In a position paper published last week, organisations such as CDP and the Climate Disclosure Standards Board set out their joint plan to provide companies with improved frameworks to help measure progress towards all 17 of the SDGs.
By working together through the Corporate Reporting Dialogue, an initiative set up in 2014 by the International Integrated Reporting Council (IIRC), the organisations said they aimed to boost business understanding of the links between the goals, financial performance, and risk management.
The Dialogue, which came in response to market calls for greater consistency between corporate reporting frameworks and standards, includes CDP, Climate Disclosure Standards Board, the Global Reporting Initiative, the International Integrated Reporting Council, the International Organization for Standardization, and the Sustainability Accounting Standards Board.
The new co-authored paper - entitled SDGs and the future of corporate reporting - seeks to identify how corporate reporting can illustrate which specific SDGs are relevant to a company's business model, thereby enabling both businesses and investors to focus on those SDGs most likely to affect financial performance, explained the IIRC.
Adopted in 2015 and running through to 2030, the SDGs set 17 goals and 169 sub-targets covering almost every aspect of sustainable development, including poverty eradication, climate action, gender rights, education, and biodiversity.
They have been praised by experts for highlighting the integrated and global nature of global economic development and the risks the world faces.
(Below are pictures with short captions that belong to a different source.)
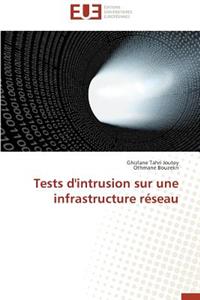 Tests d'Intrusion Sur Une Infrastructure Réseau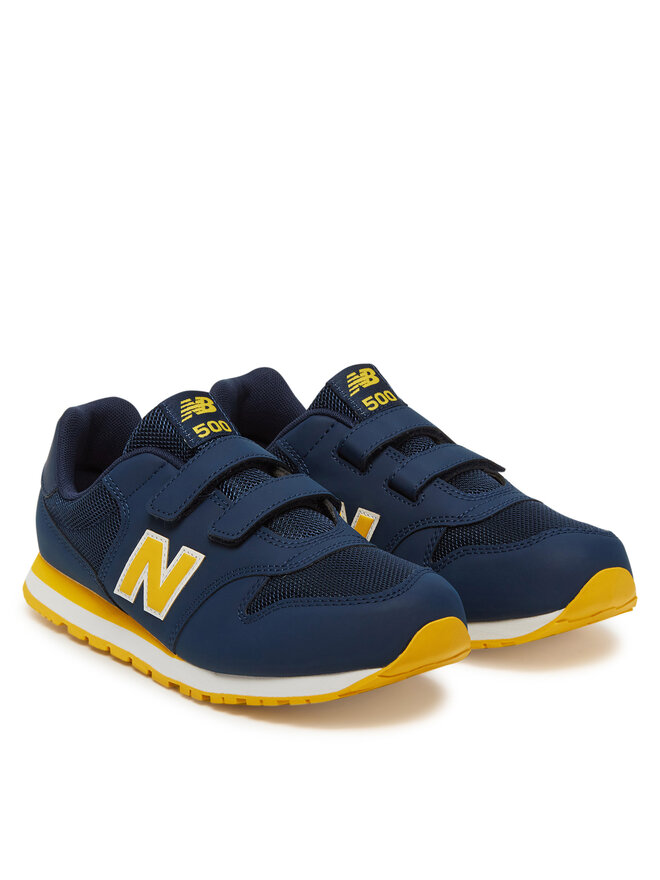New Balance Sneakers New Balance GV500NH1 Blu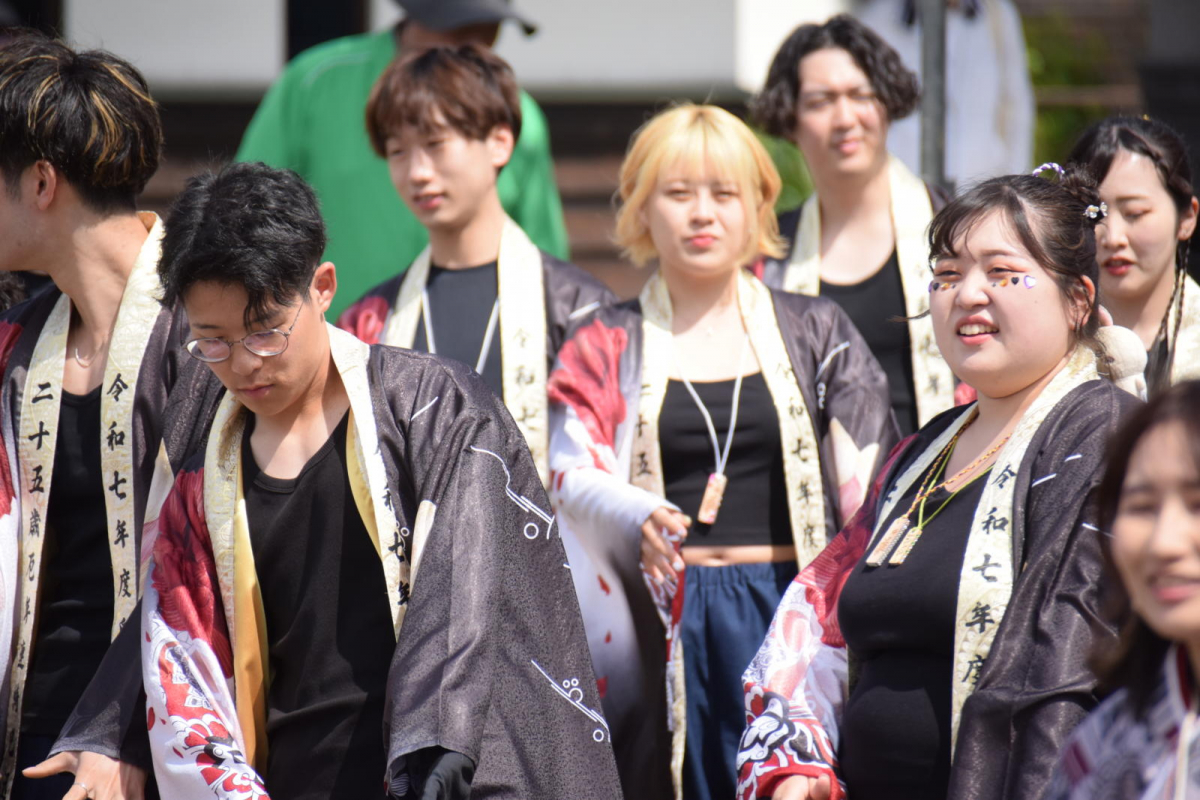 第52回江刺甚句まつり2025その4 2025/05/04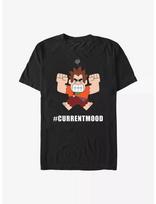 Wreck It Ralph Hashtag Current Mood T Shirt Size S 4XL Gift For Friends S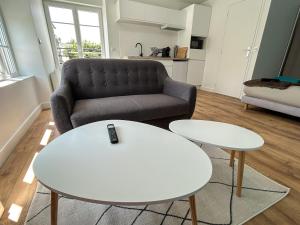 Studio Ô Bleu - entre St Malo et Cancale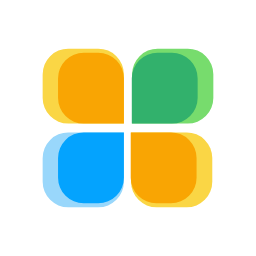Public Component Icon, public,squares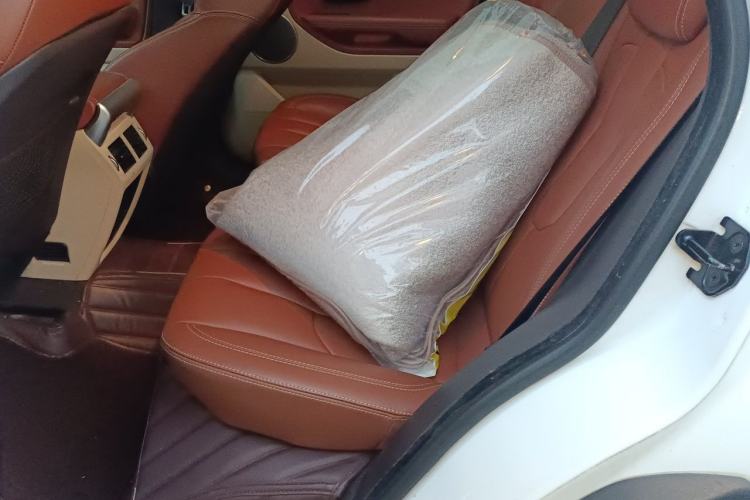 Used Land Rover Range Evoque 2012 2.0T 5-Door YAOZHI Version Left Rear Seat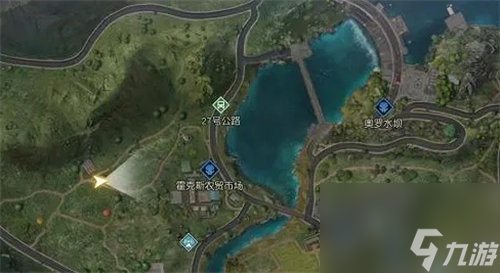 黎明觉醒工程师呓语藏宝图在哪 黎明觉醒工程师呓语藏宝图在哪里详情攻略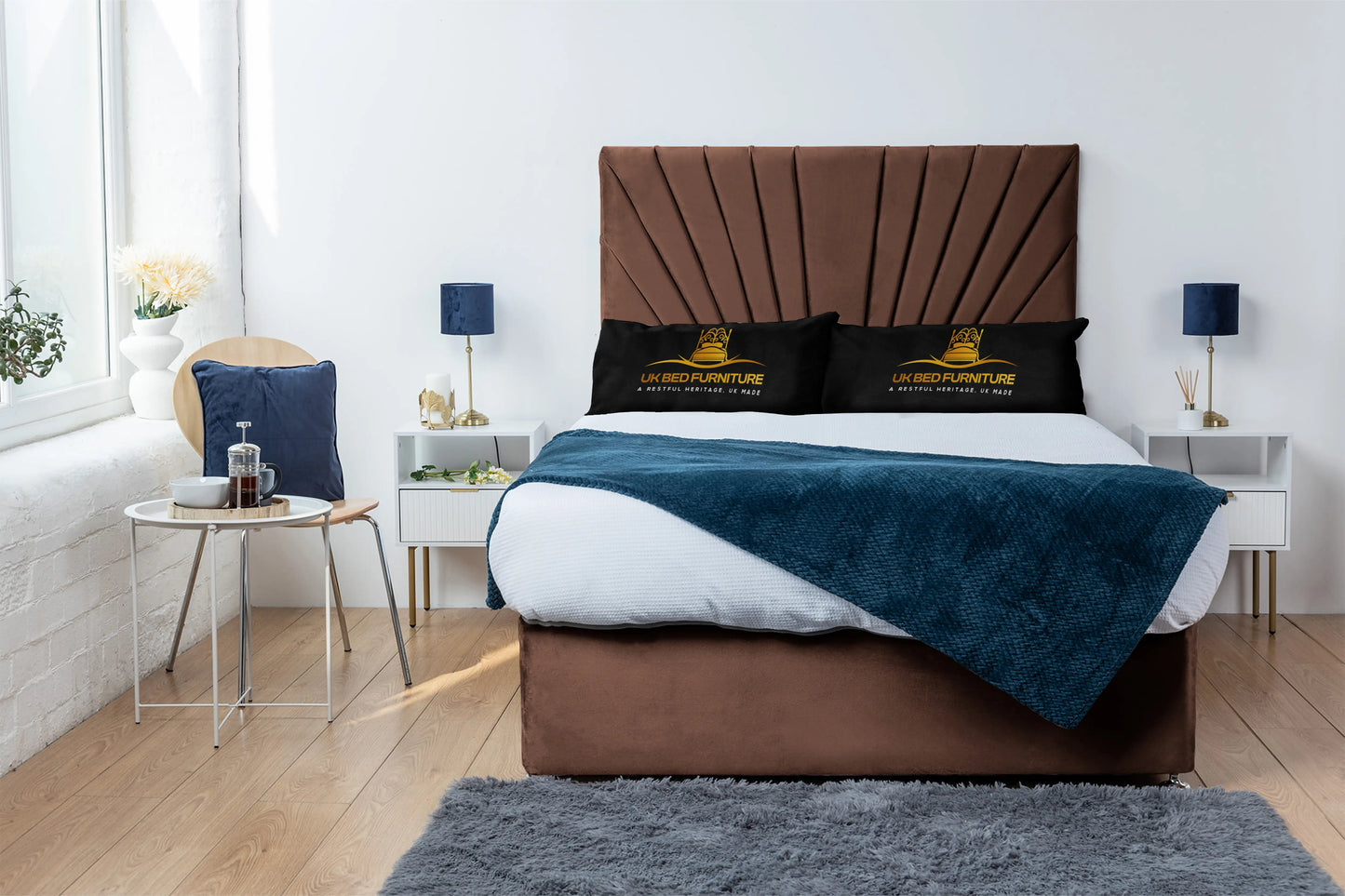 Sunrise Divan Bed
As such they have been adopted by many businesses as a means of shaping and driving their sustainability efforts. However, the SDGs have also been criticised in some quarters for being too complex and wide-rangin, making it difficult for businesses, governments, and investors to develop effective SDG strategies.
The new paper attempts to highlight how businesses can use the SDGs as a framework for their sustainability programmes and emphasises the importance of companies more closely integrating financial and non-financial information in their disclosures in order to demonstrate how action on the SDGs creates value for stakeholders in both the short and long term.
Finally, the paper outlines the work that corporate reporting bodies, framework providers, and standard-setters must undertake to ensure businesses have guidance on how to assess progress against the 17 SDGs' underlying 169 sub-targets and that they are producing "meaningful" information for investors and stakeholders.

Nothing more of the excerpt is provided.